Reno Salvail était donc en Égypte, dans le grand monument d’Abou Simbel, surveillant avec fébrilité l’arrivée des premiers rayons de l’aube, qui devaient glisser le long des pierres millénaires du temple sur 60 mètres, jusqu’à chatouiller les statues intestines de Rê, Amon, Ptah et Ramsès II, lorsqu’une bouffée de nuages est venue ruiner le spectacle anticipé. C’était en 1985.  Autour de lui, les gens se promettaient de revenir l’année suivante, mais Reno Salvail, lui, ne serait pas de retour.

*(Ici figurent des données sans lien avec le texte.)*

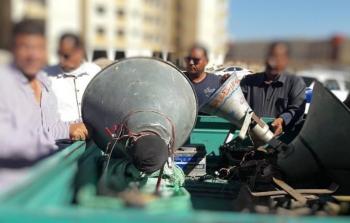 بلدية غزة تصادر مكبرات الصوت المخالفة من الباعة المتجولين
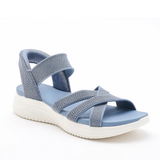Lucia - Sandale Ultra Flex Knit – Se poartă ca o șosetă, se simte ca o îmbrățișare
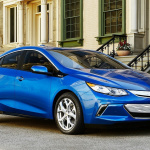 ホンダがGMとの提携拡大で次世代PHVを共同開発か？ - GM_Chevrolet_Volt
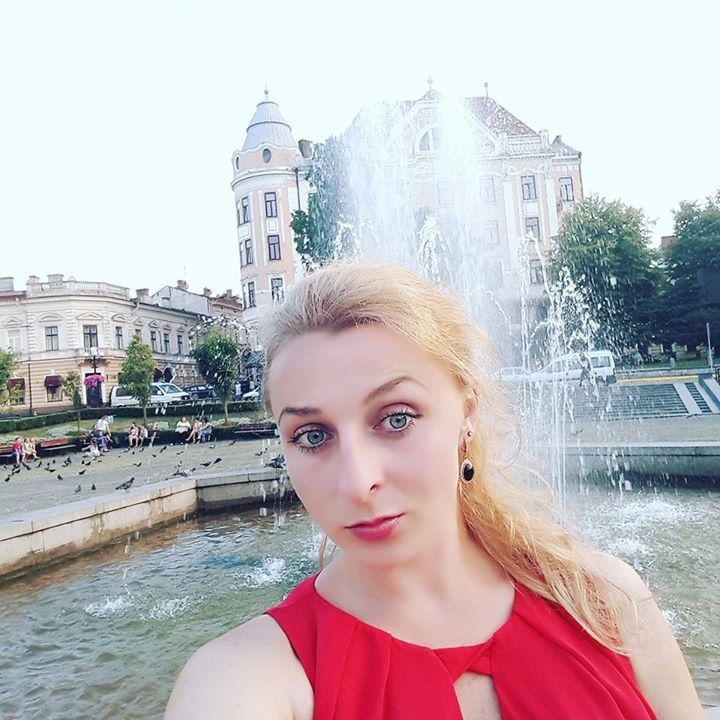 Оксана Корнелюк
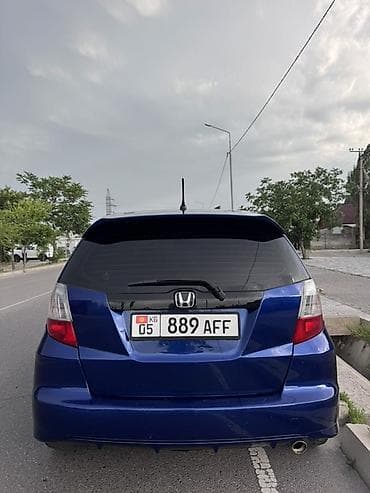 коробки передач хонда фит: Honda Fit: 2010 г., Автомат, Бензин, Хэтчбэк — 4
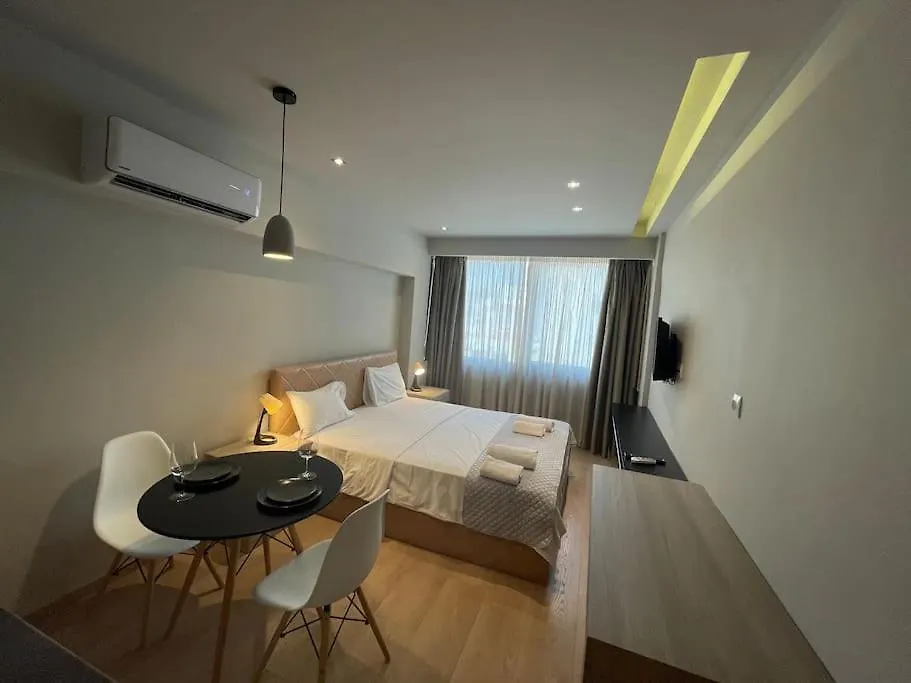 Ladadika Deluxe Studio #2 Tessalónica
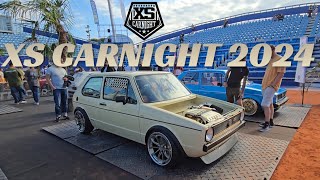 XS CARNIGHT CROATIA 2024  BEST OF TUNER CARS 4K [upl. by Oicneserc]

C’est plutôt en 1992 qu’il reprend rendez-vous avec les premiers rayons du solstice, mais cette fois, au creux du fleuve Saint-Laurent, dans la Baie Sainte-Catherine, tout près de Tadoussac. Il n’est plus question d’illuminer des divinités de la mythologie égyptienne, mais de créer une installation artistique, Le solstice des baleines, où le créateur et son œuvre se situent dans un grand tout, dominé par le soleil, le fleuve et le vivant.

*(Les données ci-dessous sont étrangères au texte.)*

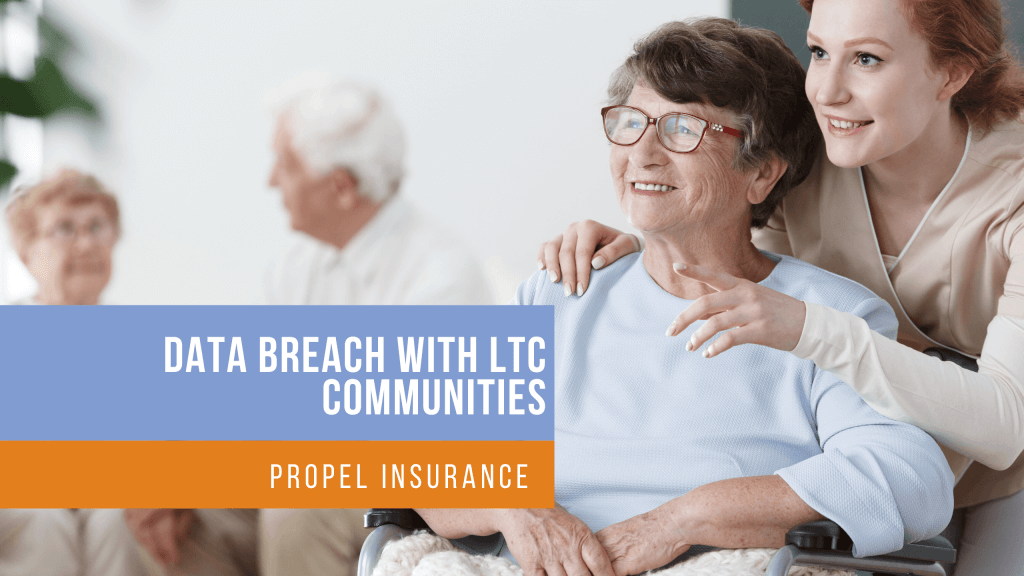 DATA Breach with LTC Communities
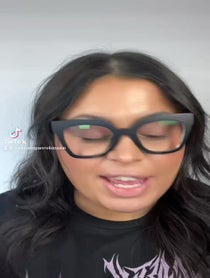 Poster for Birthday video from Miss Megan Robinson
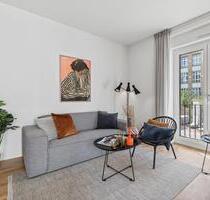 Stilvolles Wohnen: 2-Zimmer-Wohnung mit eleganter Einbauküche und Aufzug - Berlin Tempelhof-Schöneberg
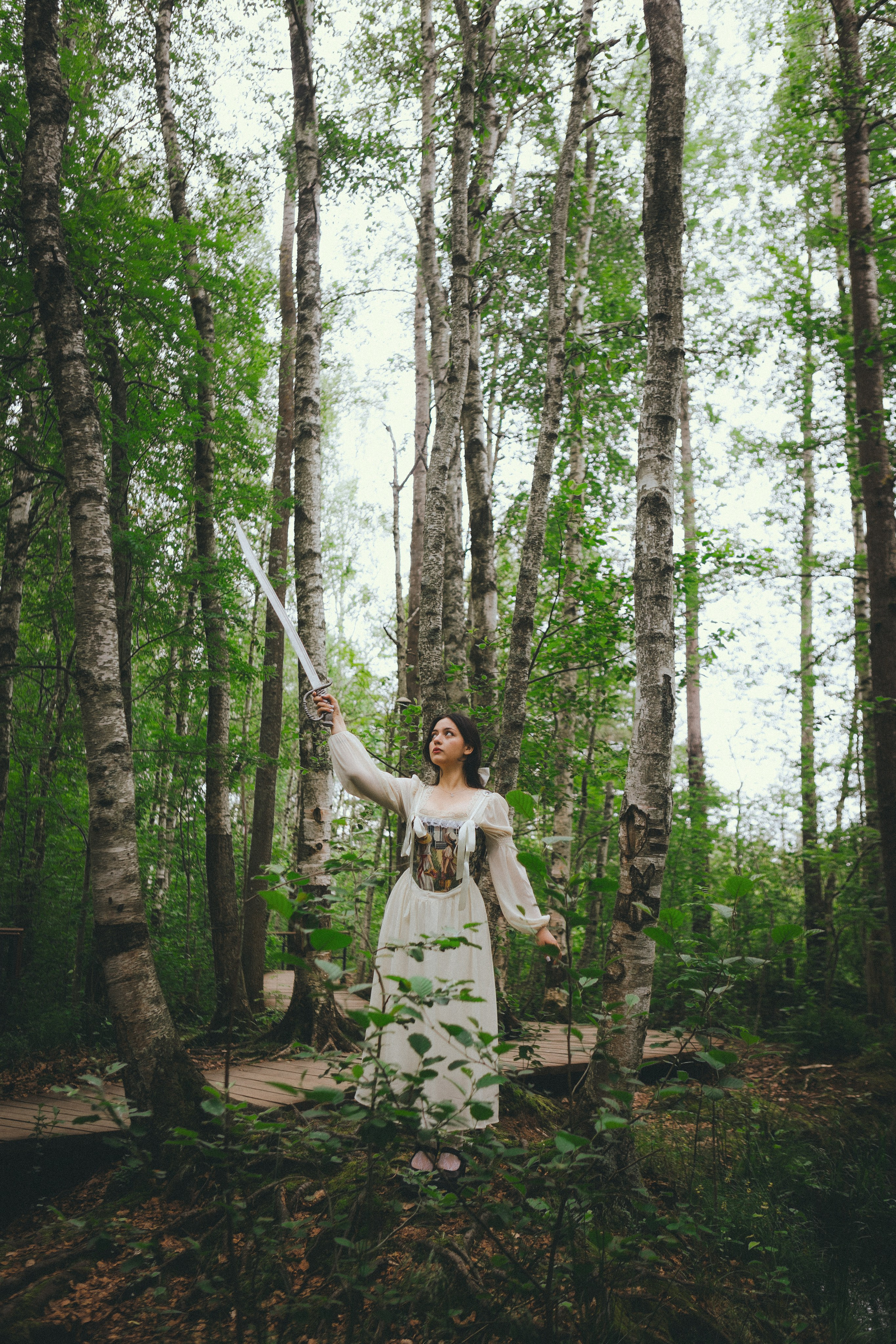 Amina. Портретный и концептуальный фотограф в Санкт-Петербурге Роман Башкиров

L’installation de Reno Salvail s’inscrit dans le courant du land art. L’art de la Terre, créé aux États-Unis en 1968, désire sortir l’art des musées, en ne se contentant plus de représenter la nature, mais de s’y enraciner. Généralement éphémères, les œuvres qui se réclament du land art utilisent des matériaux organiques, et prennent souvent des proportions gigantesques. Salvail ancre son œuvre dans la nature, mais il dépasse les préceptes du land art, cherchant à créer un lien avec le monde animal. C’est ce qu’il nous livre, dans le récit de la création de son œuvre : « Je préférais de beaucoup un contact avec le monde animal plutôt qu’avec les seuls éléments. »

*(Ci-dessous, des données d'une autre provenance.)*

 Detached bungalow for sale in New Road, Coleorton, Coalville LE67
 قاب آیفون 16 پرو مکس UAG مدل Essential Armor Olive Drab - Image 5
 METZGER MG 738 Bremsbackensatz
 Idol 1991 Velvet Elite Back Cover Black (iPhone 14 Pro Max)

Mais qu’est-ce donc que Le solstice des baleines ? Concrètement : quatre tours d’aluminium hautes de cinq mètres, sur lesquelles Reno Salvail a installé des miroirs concaves. Ces tours, boulonnées chacune sur quatre îles distinctes, situées à un kilomètre l’une de l’autre, forment ensemble un carré parfait d’un périmètre de quatre kilomètres. Les reliant ensemble sur une carte géographique, Reno Salvail y voit la base de la Grande Pyramide de Khéops. Le créateur a quitté l’Égypte, mais celle-ci n’est pas sortie de sa tête. 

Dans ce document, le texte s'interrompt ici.